Hiding D.J. Augustin

The Orlando Magic’s defense is one of the best in the league. There are few weaknesses to it at the end of the day and teams will have to work hard to break them down. Even the criticism in the first slide is something that teams have found hard to take advantage of all season.

It is more a reminder to stay sharp and stick to those principles no matter what wrinkles a team might throw at them.

But the biggest defensive adjustment that Orlando is going to fight through most likely is what they do with D.J. Augustin.

Augustin has the fewest win shares of any of the team’s starters. It is the biggest weakness for Augustin, one he makes up for with the pace and balance he brings offensively.

But the Magic are not likely to put him on the opposing point guard. In fact, if there is a defensive weak link — or someone coach Steve Clifford seems to trust least — it is Augustin.

The Magic use Aaron Gordon and Jonathan Isaac on the best wing players. Evan Fournier usually guards the best guard. And that leaves Augustin floating around. And with the teams the Magic are likely to play, that means he takes on the responsibility of chasing Danny Green or J.J. Redick.

It did not go well for Augustin against Green in the last meeting.

By the end of this game, the Magic ended up switching Evan Fournier onto Danny Green to try to slow him down.

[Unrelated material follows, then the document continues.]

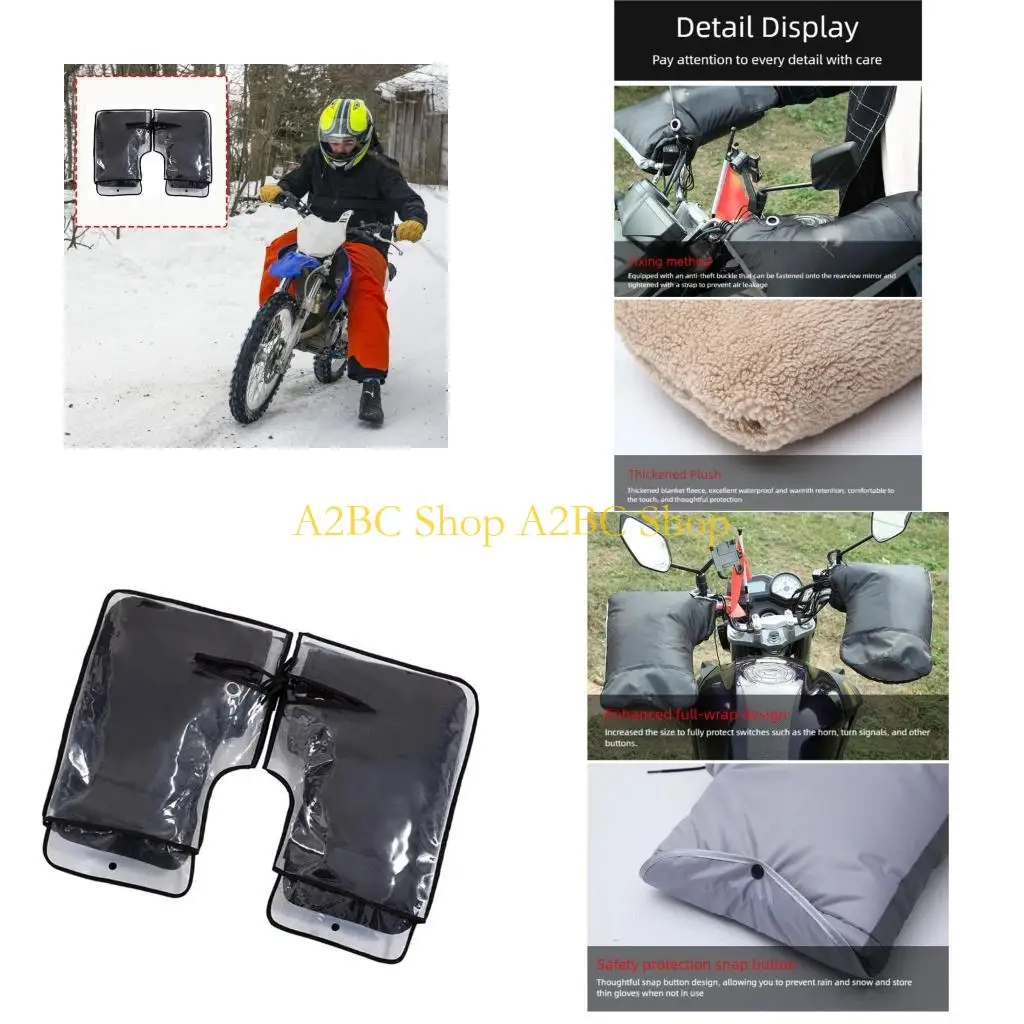

A2BC Windproof Riding Hand Covers Winter Gear Oxford Fabric Universal Compatibility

But that was too little too late.

Augustin is a bit late but not fatally late to get around the screens and defend the shot. But Augustin’ lack of size hurts him there. He is close to the shooter but unable to contest the shot.

In this play against Redick and the Philadelphia 76ers, you can see how Redick is able to work the screen to get separation from the smaller Augustin. Augustin is often chasing on these plays and his size prevents him from closing that gap.

It is not that Augustin does not fight or try to get over these screens. He is clearly fighting.

But Augustin often gets caught trying to sneak into the paint and go for steals leaving shooters open on the perimeter. He will have to have more discipline staying close to his man — especially if it is a matchup with the Philadelphia 76ers and Toronto Raptors.

More importantly, the Magic as a unit need better communication on these screens. Both plays above, the rest of the team is not in a good position to help Augustin navigate those screens. He is left on an island trying to chase and that opens the door for him to get burned.

Would D.J. Augustin work any better against Kyle Lowry or Eric Bledsoe? Augustin has struggled with bigger point guards throughout the year. They are able to play physically with him.

Augustin struggles with bulkier point guards and the Magic might end up better having him chase shooters around screens.

The bigger issue here then is how the Magic rotate and hedge to help.

Better communication on screens — perhaps even some more switching — will be necessary to cover for this. And the Magic will have to make sure they drop at least one player into the paint to cover for any guards who try to bull rush their way to the rim and the paint against Augustin.